*Aim of the task:*
Repeat every line of the data exactly, but not the pictures.

*The data:*
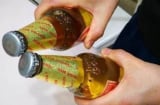 Bí mật nhỏ trong nắp chai bia: Cách mở bia dễ dàng không cần đồ khui, ai cũng làm được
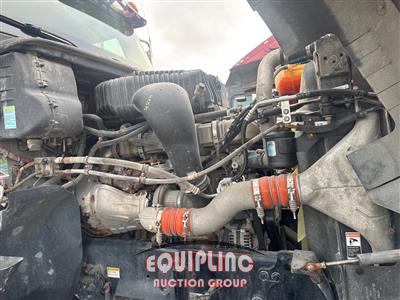 2022 Freightliner 122SD 6X4 T/A SLEEPER TRUCK TR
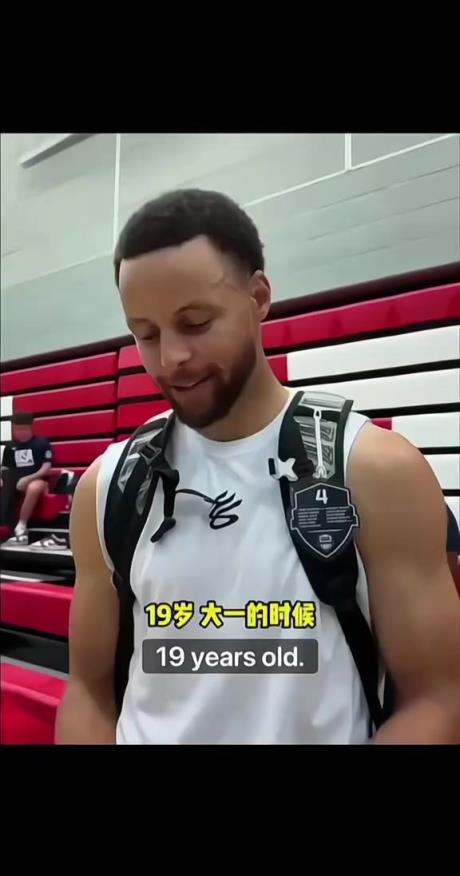 美國(guó)男籃問(wèn)答：第一次扣籃時(shí)幾歲？濃眉：詹姆斯兩歲扣籃！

*Task solution:*
 Bí mật nhỏ trong nắp chai bia: Cách mở bia dễ dàng không cần đồ khui, ai cũng làm được
 2022 Freightliner 122SD 6X4 T/A SLEEPER TRUCK TR
 美國(guó)男籃問(wèn)答：第一次扣籃時(shí)幾歲？濃眉：詹姆斯兩歲扣籃！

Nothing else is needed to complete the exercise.